_Your task_
Start at the line in the entries below that contains "However, for the", stop at the line that contains "Above the file", and output exactly the lines in that span, both ends included.

_Supplied records_
────────────────────

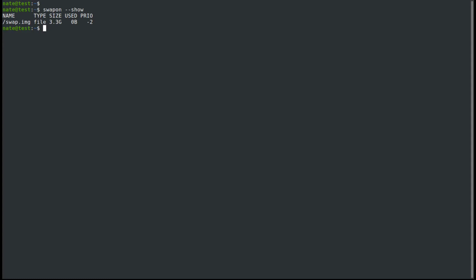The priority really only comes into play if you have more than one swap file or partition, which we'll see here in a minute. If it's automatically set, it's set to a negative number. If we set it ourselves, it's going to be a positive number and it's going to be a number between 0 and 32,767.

────────────────────

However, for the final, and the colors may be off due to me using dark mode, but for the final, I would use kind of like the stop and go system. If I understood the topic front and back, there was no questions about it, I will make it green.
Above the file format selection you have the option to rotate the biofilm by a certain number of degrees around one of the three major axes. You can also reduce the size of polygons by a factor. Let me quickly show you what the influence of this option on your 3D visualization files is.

────────────────────

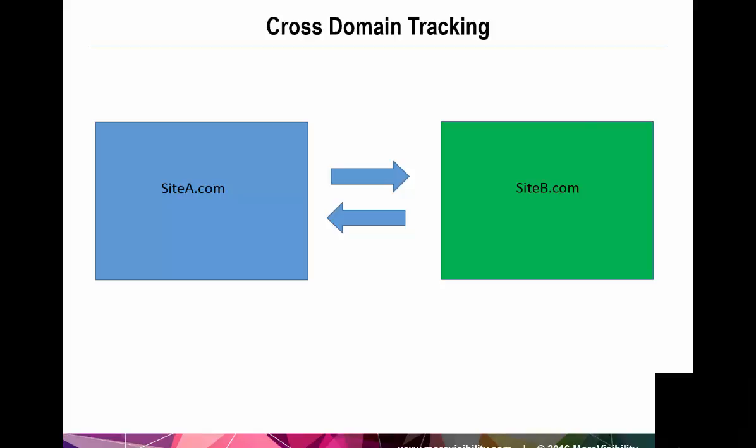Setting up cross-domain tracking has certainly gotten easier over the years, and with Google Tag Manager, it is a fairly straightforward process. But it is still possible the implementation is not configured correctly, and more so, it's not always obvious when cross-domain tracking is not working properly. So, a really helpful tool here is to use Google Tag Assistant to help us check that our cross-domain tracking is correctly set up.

────────────────────

_Answer for the task_
However, for the final, and the colors may be off due to me using dark mode, but for the final, I would use kind of like the stop and go system. If I understood the topic front and back, there was no questions about it, I will make it green.
Above the file format selection you have the option to rotate the biofilm by a certain number of degrees around one of the three major axes. You can also reduce the size of polygons by a factor. Let me quickly show you what the influence of this option on your 3D visualization files is.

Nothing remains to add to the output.